Faktor lain yang menghalangi perkembangan gereja ialah bahwa dalam kurun waktu 9 tahun ada 13 missionaris berganti-ganti melayani umat. Perang antar kampung juga menghambat perkembangan gereja dan karyanya. Menurunnya jumlah anggota gereja bukan karena jumlah orang yang meninggal, tetapi akibat peperangan sehingga orang banyak yang melarikan diri, ladang dan kebun ditinggalkan, pelajaran tidak dapat diberikan secara teratur, kelaparan meraja lela. Orang yang meninggal akibat peperangan tersebut hanya dalam jumlah yang kecil.
Sesudah tahun 1905 Katolik berkembang pesat, baik di kampung-kampung yang sejak dulu sudah mejadi Katolik, maupun di kampung-kampung lain di daerah yang terisolir. Perhatian bagi pewarta Injil meningkat dan seolah-olah lebih rajin dikunjungi. Pada tahun 1909 H.Colijn mengunjungi Flores. Dengan amat terbuka dan objektif ia mendengar segala usul dan keluhan para misionaris. Sesuai inspeksinya, sikap pemerintah daerah terhadap misi membaik.
Pada tahun 1905 Dekrit Paus Pius X, menganjurkan supaya orang Katolik menyambut komuni suci dan sakramen penitensi, mendorong hidup Katolik tetapi sekaligus  memperberat tugas para pastur. Pada tahun 1914 Flores dipercayakan Takhta suci kepada para pater Serikat Sabda Ilahi.
Sekitar tahun 1850, di kepulauan Talaud sudah tidak ada lagi orang Kristen. Di pulau-pulau Sangir tetap ada jemaat-jemaat Kristen, lengkap dengan gedung gereja dan sekolahnya. Jemaat-jemaat ini tetap memelihara kerangka kehidupan Kristen. Agama Kristen tidak berhasil meresap dalam kehidupan sehari-hari; agama itu merupakan "agama upacara" karena para penghantar jemaat tidak berpendidikan khusus; kebaktian dijalankan dalam bahasa asing, yakni bahasa Melayu; tidak ada majelis gereja; tidak ada pelayanan Perjamuan Kudus, karena tidak ada anggota sidi; buku Kitab Suci (dalam bahasa Melayu kuno) sudah amat langka, pengajaran agama yang diperoleh di sekolah juga hanya dinikmati oleh segelintir anak-anak. Singkatnya, jenis Kekristenan seperti yang terdapat di jemaat-jemaat VOC yang terlantar itu sangat bertentangan dengan cita-cita yang dikandung oleh para pekabar Injil yang dalam tahun 1850-an datang ke Sangir-Talaud.
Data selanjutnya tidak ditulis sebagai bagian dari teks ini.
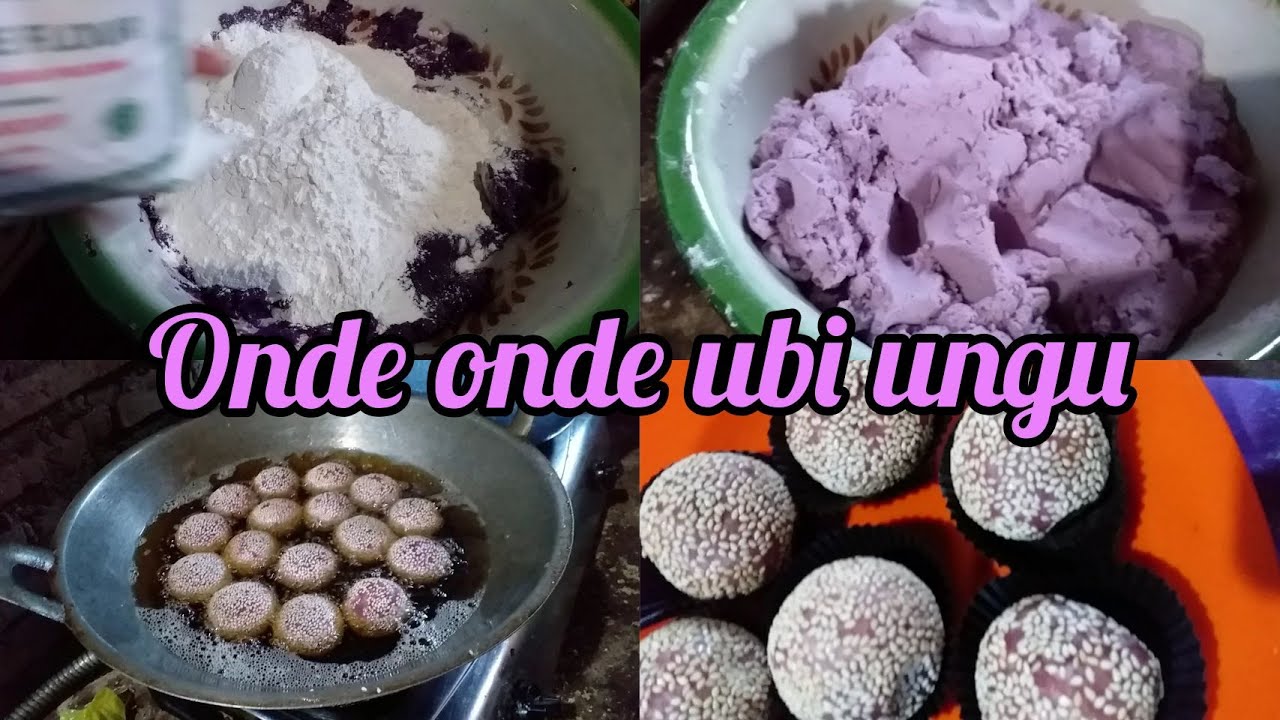 Cara membuat onde onde ubi ungu anti meletus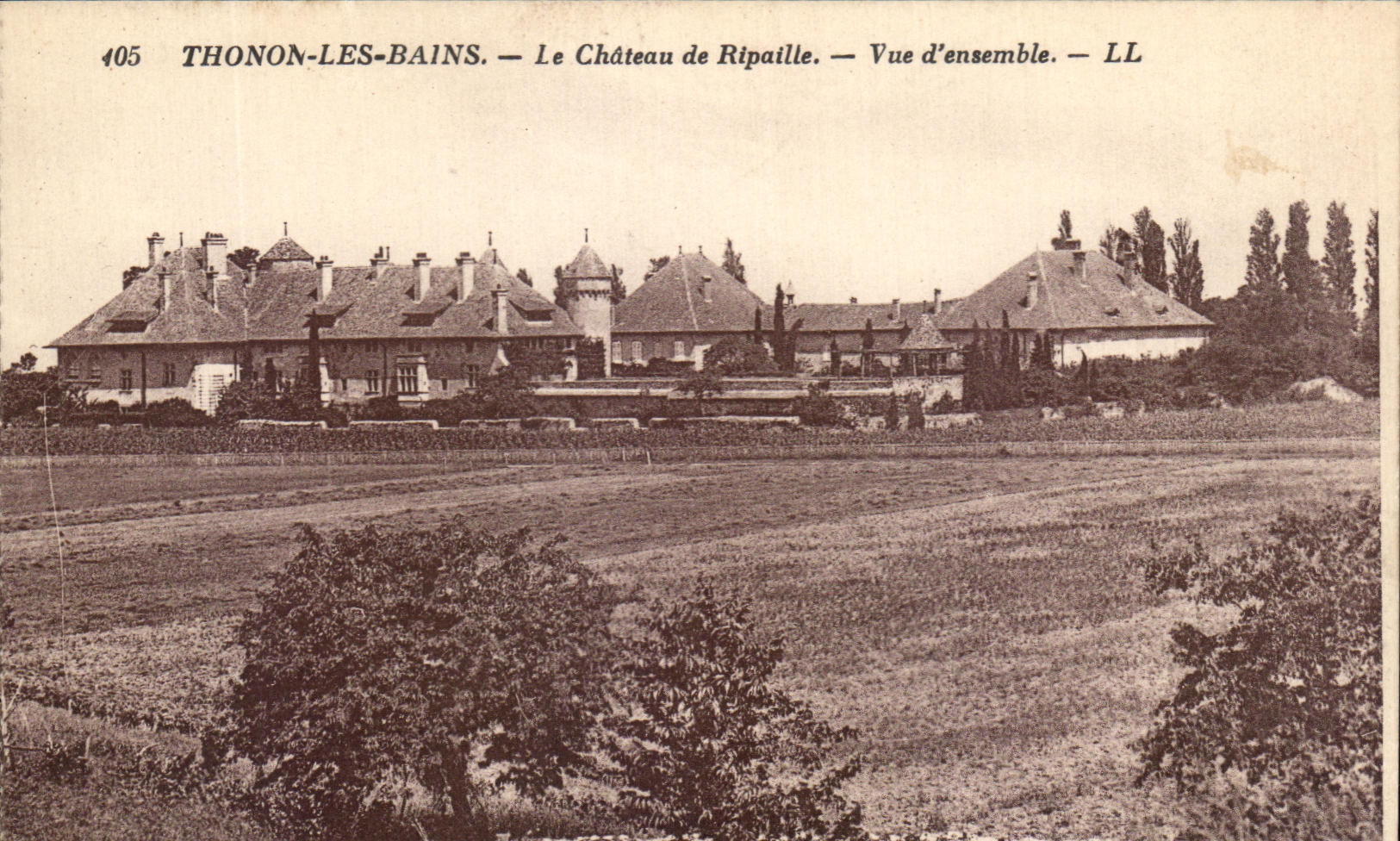 CPA Thonon Les Bains the Castle of Overall picture Feast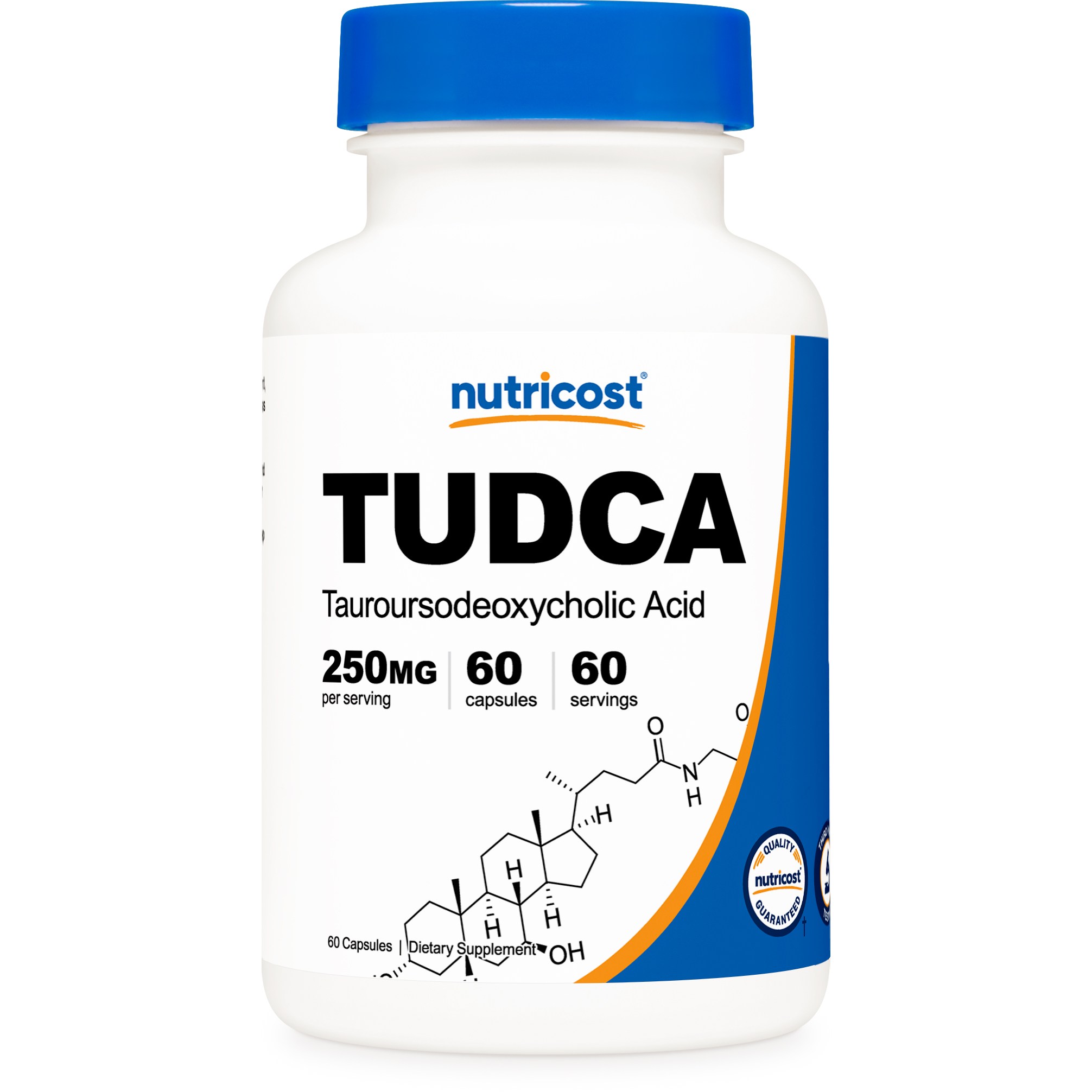 뉴트리코스트 <b>TUDCA</b> 타우로우르소데옥시콜 애시드 250mg 캡슐  1개  60회분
Para pendeta dan pekabar Injil yang dari Minahasa melakukan kunjungan ke Sangir-Talaud mendesak agar menangani karya PI di pulau-pulau itu. Selain memiliki lapangan kerja di Maluku, Timor, dan Minahasa, mereka mulai mengutus tenaga ke Jawa Timur tetapi mereka merasa tidak mampu. Maka Panitia Zendeling-tukang merasa terpanggil untuk mengisi lowongan itu. Dalam tahun 1857, sesudah 2 tahun perjalanan, 4 zendeling-tukang mendarat di pulau Sangir, 2 tahun kemudian 4 orang lagi tiba di Talaud. Sesuai dengan asas yang dianut oleh Panitia tersebut, mereka tidak mendapat gaji yang tetap. Namun, pemerintah mengakui jemaat-jemaat di Sangir sebagai jemaat-jemaat VOC, sehingga bersedia menyediakan anggaran untuk para pekerja baru itu. Mereka ini kebanyakan orang Jerman dari kelompok Gossner.  Yang menjadi tokoh yang terkenal di antara mereka ialah E. T. Steller, yang selama masa 1857-1897 bekerja di Manganitu, Sangir Besar.
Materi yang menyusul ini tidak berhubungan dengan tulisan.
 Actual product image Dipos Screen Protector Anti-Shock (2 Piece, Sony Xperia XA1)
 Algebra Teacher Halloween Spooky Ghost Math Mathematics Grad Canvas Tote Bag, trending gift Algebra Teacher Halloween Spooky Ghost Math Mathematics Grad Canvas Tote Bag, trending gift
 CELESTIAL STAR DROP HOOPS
Steller bersama rekan-rekannya segera menjalankan upaya untuk membenahi jemaat. Mereka ingin supaya semua anggota memiliki kesalehan hati dan kesucian hidup. Mereka memberantas kepercayaan takhyul, kebiasaan minum minuman keras dan perkawinan poligami yang banyak terdapat di kalangan orang Kristen. Selain itu, mereka juga secepat mungkin mulai menggunakan bahasa daerah sebagai ganti bahasa Melayu. Beberapa bagian Alkitab mereka terjemahkan ke dalam bahasa daerah (1883, PB dalam logat Siau; 1942, PB dalam bahasa Sangir), begitu pula Katekismus Heidelberg (1871), Perjalanan seorang Musafir karangan J. Bunyan, dan lain-lain.
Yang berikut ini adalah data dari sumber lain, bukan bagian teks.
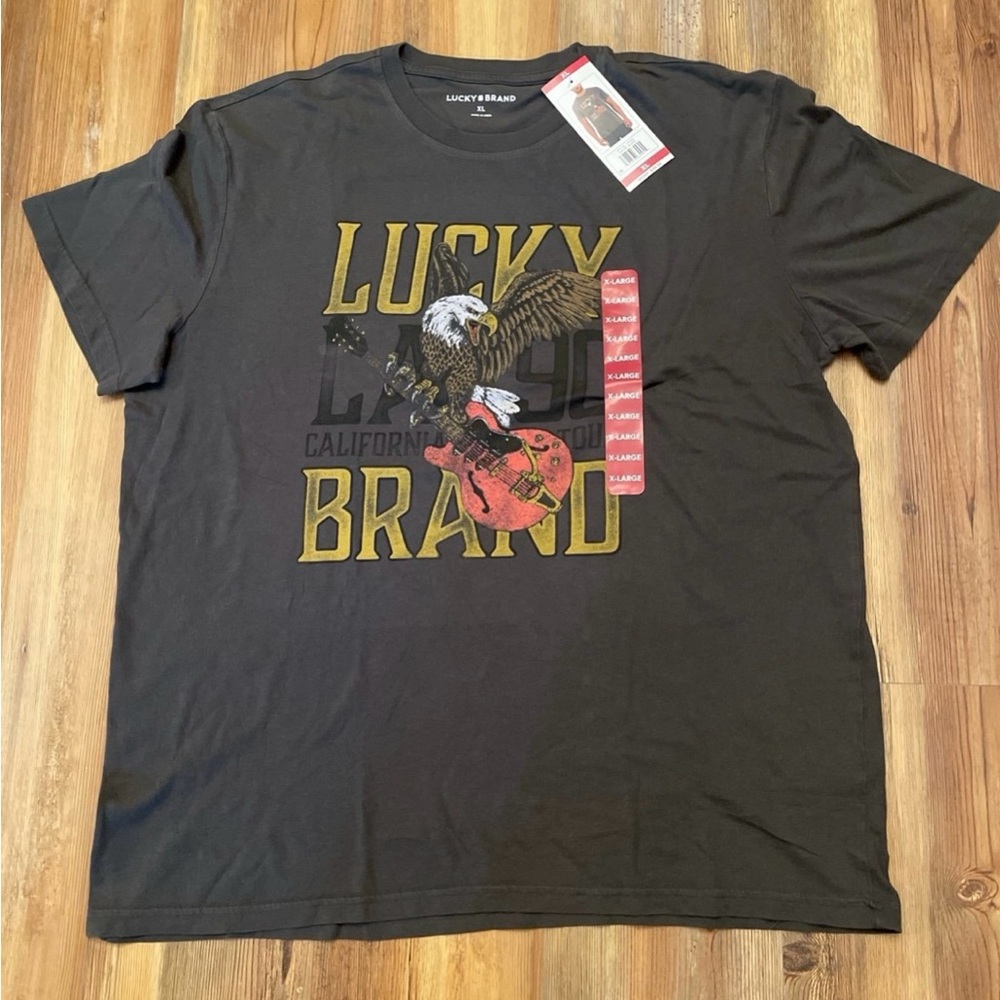 Lucky Brand Men's Black Graphic T-Shirt NWT - XL
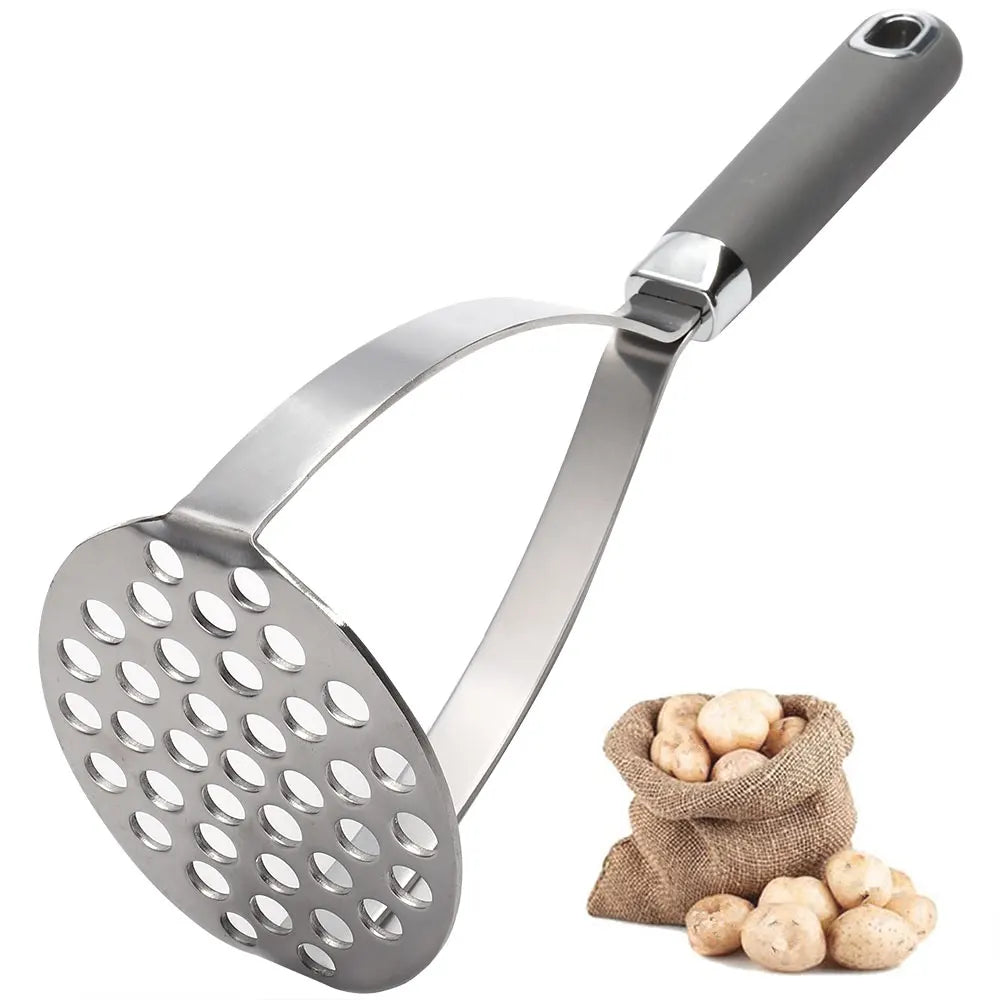 Sturdy Masher Potato Masher Press Vegetable Masher for Bean Avocado Vegetable Cheese Grater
Di Pulau Bangka, sejak abad ke-18 terdapat tambang-tambang timah. Buruh tambang adalah orang-orang Tionghoa. Pada tahun 1830 di sana menetap seorang dokter dari Tiongkok yang bernama Tsen On Nie (1795-1871). Ia telah di baptis 3 tahun sebelumnya di pulau Penang (Malaysia) dan setelah bekerja di Bangka mulai mengabarkan agama Kristen di tengah kaum buruh Tionghoa. Dokter Tsen On Nie meninggal 14 September 1871, berusia 86 tahun. Dia digantikan oleh pastur baru, yaitu J. De Vries yang tiba di Sungaiselan. Karya Gereja Bangka tidak membawa banyak hasi karena umat yang kebanyakan terdiri dari “Cina Kolong”, buruh pertambangan yang sesudah beberapa tahun kembali ke negeri leluhur. Tahun 1883 seperempat dari jumlah umat meninggal karena wabah beri-beri. Usaha misi untuk mendekati “orang-lom” (yang belum masuk Islam) gagal. Tahun 1888 di Sungaiselan tinggal dua katekis, yang dikunjungi setiap dua kali dalam setahun oleh pastur dari Jakarta sampai Sumatera dan pulau-pulau sekitarnya dipercayakan kepada para Pater Kapusin.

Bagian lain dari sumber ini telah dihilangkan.